Procter & Gamble Co Chief Executive AG Lafley is spending US$12 billion to expand the 166-year-old company's beauty-products business.
That investment by the largest US household goods maker so far hasn't done much to help earnings, which the company will report Monday. P&G forecast third-quarter profit, excluding some costs, will rise about 14 percent. Any gains will come from job cuts and increased promotions of items such as Pampers diapers and Tide laundry detergent, investors said.
Lafley last month agreed to pay US$6.9 billion for hair-products maker Wella AG, after spending US$4.95 billion two years ago on hair-coloring maker Clairol.
He is counting on revved-up growth from both businesses in the coming decade to help take customers from industry leader L'Oreal SA of France. He says he doesn't expect instant results.
"We're thinking about building a beauty-care and personal-care business that will be a leading business in 2025," Lafley said in an interview in Geneva on April 7.
Investors and analysts say Lafley's ambitions are fine; they just are wary of his methods for achieving those goals.
"His desire is to have a higher-margin, more rapidly growing business," said Daniel Peris, an analyst with Federated Investors, which owns about 450,000 P&G shares. "I'm very suspect of a business that grows through acquisition. It allows you to mask a lack of internal growth."
Shares of P&G fell US$0.73 to US$89.14 at 4:16pm in New York Stock Exchange composite trading. The stock has gained less than 0.5 percent in the past year, the second-best performance among 30 stocks in the Dow Jones Industrial Average, which fell 17 percent.
Net income for the quarter, excluding restructuring costs, probably rose to US$0.96 a share, according to a survey of analysts by Thomson Financial. P&G reported net income of US$1.04 billion, or US$0.74, on sales of US$9.9 billion a year earlier.
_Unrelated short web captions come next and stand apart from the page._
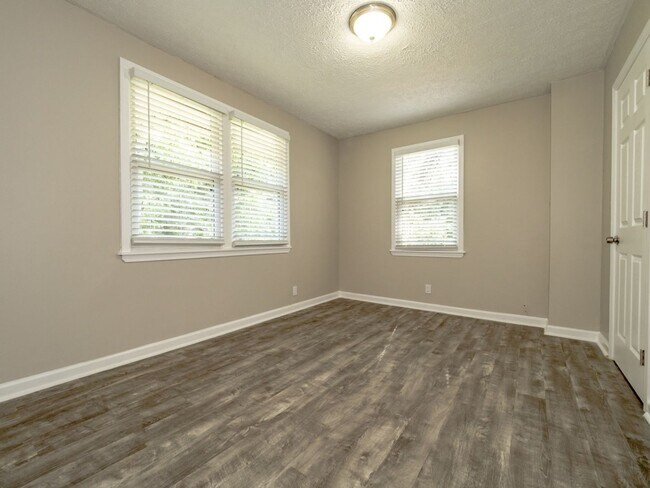 Foto del edificio - WELCOME TO THIS NEWLY RENOVATED 3-BEDROOM ...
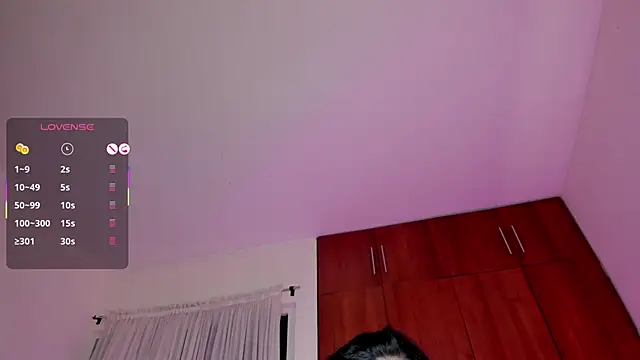 Julie_Markk's cam snapshot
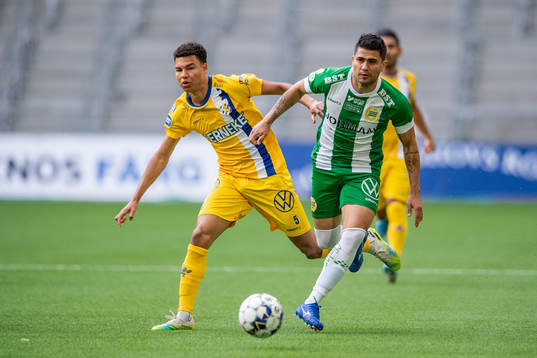 IFK Göteborgs Alexander Jallow och Hammarbys Paulinho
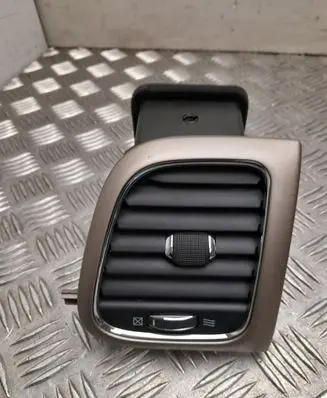 Rear air vent grill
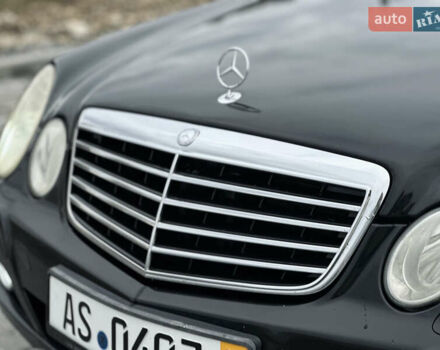 Черный Мерседес Е-Класс, объемом двигателя 2.2 л и пробегом 320 тыс. км за 8349 $, фото 11 на Automoto.ua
Sales in the latest period rose as much as 9 percent, led by Crest toothpaste and Olay skin cream.
The Wella purchase, which the company expects to complete by September, will boost beauty-products sales to more than a quarter of P&G's revenue, from 18 percent in 2001. The company entered the business in 1985 with the acquisition of Richardson-Vicks, which included Pantene shampoo and Olay skin creams, which have grown to about US$1 billion in annual sales each.
Investors say they have reason to be patient. Earnings have risen more than originally forecast for the past two years and sales are rising in excess of Lafley's target for gains of as much as 6 percent.
He has eliminated more than 16,000 jobs over the past three years to reduce costs.